→ TASK PROMPT:
After locating the line with "ON SALE!!! youth" in the data that follows, return it and every later line exactly, up to and including the line with "(PDF) Estimate of".

========

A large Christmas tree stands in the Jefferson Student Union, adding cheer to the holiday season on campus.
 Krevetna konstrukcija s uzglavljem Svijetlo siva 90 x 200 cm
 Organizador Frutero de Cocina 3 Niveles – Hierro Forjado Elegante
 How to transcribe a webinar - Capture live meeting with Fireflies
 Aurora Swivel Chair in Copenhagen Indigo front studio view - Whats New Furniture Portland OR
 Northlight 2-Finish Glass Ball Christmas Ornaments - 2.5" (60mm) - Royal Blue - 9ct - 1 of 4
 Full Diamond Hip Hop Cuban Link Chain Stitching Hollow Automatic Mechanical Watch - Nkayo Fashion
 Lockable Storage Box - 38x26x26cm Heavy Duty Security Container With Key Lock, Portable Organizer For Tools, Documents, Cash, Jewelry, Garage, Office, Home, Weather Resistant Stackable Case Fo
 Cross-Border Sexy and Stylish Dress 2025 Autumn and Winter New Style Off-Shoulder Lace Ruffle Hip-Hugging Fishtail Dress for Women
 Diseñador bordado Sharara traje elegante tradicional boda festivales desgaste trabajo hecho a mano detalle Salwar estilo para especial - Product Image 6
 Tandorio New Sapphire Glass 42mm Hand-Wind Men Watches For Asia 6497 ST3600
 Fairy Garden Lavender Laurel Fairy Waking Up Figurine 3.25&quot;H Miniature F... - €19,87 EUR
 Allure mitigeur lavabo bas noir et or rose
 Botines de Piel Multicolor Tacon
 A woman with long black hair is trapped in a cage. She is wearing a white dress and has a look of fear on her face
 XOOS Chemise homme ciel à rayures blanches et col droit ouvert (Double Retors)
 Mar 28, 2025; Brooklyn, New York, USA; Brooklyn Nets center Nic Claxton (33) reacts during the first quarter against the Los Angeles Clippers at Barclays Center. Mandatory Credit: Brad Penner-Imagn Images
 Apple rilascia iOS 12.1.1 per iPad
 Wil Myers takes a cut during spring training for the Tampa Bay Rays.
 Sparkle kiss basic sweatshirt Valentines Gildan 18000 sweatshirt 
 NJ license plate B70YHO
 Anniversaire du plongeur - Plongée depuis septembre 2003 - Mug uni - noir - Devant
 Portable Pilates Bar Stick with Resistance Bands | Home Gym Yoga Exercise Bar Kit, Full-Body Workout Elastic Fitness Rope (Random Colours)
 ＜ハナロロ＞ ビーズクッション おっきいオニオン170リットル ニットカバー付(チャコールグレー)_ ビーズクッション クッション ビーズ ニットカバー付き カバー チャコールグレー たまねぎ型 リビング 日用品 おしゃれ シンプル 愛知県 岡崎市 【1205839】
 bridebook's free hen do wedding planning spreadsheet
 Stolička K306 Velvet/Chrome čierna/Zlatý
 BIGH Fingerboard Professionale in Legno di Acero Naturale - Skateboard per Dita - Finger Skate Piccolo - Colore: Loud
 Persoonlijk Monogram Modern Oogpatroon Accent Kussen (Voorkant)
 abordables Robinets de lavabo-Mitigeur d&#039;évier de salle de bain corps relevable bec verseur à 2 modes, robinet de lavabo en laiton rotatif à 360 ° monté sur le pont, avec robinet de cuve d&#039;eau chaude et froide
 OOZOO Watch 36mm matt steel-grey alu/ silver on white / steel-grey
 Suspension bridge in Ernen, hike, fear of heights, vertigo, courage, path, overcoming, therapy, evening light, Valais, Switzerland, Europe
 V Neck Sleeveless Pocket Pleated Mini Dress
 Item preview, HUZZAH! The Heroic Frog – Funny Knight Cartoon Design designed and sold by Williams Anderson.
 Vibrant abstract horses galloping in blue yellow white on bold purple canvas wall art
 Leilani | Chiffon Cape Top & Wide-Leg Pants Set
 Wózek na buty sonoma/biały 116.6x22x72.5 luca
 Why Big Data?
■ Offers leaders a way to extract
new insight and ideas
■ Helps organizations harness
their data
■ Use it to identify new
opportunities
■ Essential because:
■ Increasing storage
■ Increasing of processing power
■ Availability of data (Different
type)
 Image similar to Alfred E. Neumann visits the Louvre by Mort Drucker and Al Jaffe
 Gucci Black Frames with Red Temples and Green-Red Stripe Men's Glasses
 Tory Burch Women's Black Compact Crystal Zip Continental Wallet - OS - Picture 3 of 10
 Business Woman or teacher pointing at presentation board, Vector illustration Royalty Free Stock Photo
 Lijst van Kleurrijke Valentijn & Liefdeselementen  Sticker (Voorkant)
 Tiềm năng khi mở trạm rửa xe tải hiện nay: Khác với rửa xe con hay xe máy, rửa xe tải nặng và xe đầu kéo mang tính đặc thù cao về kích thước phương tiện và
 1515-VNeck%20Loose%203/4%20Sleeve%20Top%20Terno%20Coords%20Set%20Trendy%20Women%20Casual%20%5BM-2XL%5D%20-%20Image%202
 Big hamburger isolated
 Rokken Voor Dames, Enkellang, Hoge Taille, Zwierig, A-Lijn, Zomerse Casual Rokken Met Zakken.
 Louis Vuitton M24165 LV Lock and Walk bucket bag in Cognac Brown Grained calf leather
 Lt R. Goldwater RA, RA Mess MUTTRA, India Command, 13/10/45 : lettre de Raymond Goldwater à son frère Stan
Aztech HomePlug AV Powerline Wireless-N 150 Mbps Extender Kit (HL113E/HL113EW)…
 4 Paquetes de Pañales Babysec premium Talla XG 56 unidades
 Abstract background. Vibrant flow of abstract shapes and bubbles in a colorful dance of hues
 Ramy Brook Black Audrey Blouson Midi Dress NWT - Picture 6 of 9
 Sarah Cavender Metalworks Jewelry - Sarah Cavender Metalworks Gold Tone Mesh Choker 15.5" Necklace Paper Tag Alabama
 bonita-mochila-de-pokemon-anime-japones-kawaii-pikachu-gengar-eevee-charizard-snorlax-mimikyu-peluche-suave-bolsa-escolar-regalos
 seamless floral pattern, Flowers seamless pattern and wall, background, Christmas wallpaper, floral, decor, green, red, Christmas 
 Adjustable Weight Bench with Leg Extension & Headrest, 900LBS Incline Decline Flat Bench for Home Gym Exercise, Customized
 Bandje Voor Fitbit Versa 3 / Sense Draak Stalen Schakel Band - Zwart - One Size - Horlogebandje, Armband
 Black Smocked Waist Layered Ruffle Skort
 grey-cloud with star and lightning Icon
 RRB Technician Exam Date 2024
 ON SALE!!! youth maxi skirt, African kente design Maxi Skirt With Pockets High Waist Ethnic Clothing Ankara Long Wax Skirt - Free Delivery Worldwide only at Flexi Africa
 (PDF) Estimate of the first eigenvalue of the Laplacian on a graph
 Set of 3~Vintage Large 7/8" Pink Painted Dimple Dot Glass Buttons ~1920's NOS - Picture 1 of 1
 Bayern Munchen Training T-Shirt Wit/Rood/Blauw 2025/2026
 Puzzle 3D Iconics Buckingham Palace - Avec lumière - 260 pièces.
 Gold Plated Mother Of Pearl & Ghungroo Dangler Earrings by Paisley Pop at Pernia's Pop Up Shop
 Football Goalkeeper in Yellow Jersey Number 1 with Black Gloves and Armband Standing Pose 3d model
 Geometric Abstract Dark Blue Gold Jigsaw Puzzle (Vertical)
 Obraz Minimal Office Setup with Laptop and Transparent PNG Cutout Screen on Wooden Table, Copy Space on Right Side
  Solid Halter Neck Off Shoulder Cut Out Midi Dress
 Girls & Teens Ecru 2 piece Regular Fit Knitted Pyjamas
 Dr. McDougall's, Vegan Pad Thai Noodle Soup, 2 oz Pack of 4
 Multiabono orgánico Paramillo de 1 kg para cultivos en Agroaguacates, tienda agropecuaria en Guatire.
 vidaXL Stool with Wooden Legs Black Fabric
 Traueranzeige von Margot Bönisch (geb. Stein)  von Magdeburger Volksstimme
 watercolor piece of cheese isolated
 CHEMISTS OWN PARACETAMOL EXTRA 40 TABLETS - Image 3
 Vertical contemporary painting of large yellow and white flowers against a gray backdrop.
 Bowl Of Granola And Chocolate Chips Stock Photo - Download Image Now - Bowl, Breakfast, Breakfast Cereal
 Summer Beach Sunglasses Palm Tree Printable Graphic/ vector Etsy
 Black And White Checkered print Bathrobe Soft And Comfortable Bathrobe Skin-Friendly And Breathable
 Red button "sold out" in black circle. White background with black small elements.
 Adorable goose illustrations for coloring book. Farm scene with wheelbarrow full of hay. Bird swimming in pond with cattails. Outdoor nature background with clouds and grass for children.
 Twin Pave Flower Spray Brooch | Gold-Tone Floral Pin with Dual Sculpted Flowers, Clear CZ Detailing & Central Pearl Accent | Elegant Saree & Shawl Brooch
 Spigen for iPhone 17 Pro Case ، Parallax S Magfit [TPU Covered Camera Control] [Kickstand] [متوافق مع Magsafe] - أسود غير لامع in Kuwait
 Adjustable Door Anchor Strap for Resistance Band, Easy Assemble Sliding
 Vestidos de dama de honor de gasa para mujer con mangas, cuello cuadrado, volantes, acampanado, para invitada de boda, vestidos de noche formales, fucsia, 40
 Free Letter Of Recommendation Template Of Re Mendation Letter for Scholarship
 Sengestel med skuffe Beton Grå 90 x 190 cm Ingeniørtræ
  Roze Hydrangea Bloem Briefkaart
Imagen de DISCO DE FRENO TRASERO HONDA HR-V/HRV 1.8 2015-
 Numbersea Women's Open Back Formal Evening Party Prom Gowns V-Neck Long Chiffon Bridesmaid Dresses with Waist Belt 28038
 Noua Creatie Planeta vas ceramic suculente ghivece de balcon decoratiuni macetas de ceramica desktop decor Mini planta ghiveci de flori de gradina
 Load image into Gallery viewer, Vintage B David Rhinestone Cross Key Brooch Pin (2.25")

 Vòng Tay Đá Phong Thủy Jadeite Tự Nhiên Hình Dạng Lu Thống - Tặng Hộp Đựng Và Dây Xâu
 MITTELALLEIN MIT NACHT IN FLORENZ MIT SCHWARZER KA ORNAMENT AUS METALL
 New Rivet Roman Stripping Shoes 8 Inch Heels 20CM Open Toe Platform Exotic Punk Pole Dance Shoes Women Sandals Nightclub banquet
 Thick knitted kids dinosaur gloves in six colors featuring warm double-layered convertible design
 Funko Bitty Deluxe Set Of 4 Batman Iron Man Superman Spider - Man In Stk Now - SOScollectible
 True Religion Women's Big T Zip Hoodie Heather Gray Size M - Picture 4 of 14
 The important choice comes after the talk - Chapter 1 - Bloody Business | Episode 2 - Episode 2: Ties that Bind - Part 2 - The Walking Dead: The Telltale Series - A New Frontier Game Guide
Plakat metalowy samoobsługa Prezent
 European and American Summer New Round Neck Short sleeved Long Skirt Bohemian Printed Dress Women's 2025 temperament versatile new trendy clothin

========

→ COMPLETED TASK:
 ON SALE!!! youth maxi skirt, African kente design Maxi Skirt With Pockets High Waist Ethnic Clothing Ankara Long Wax Skirt - Free Delivery Worldwide only at Flexi Africa
 (PDF) Estimate of the first eigenvalue of the Laplacian on a graph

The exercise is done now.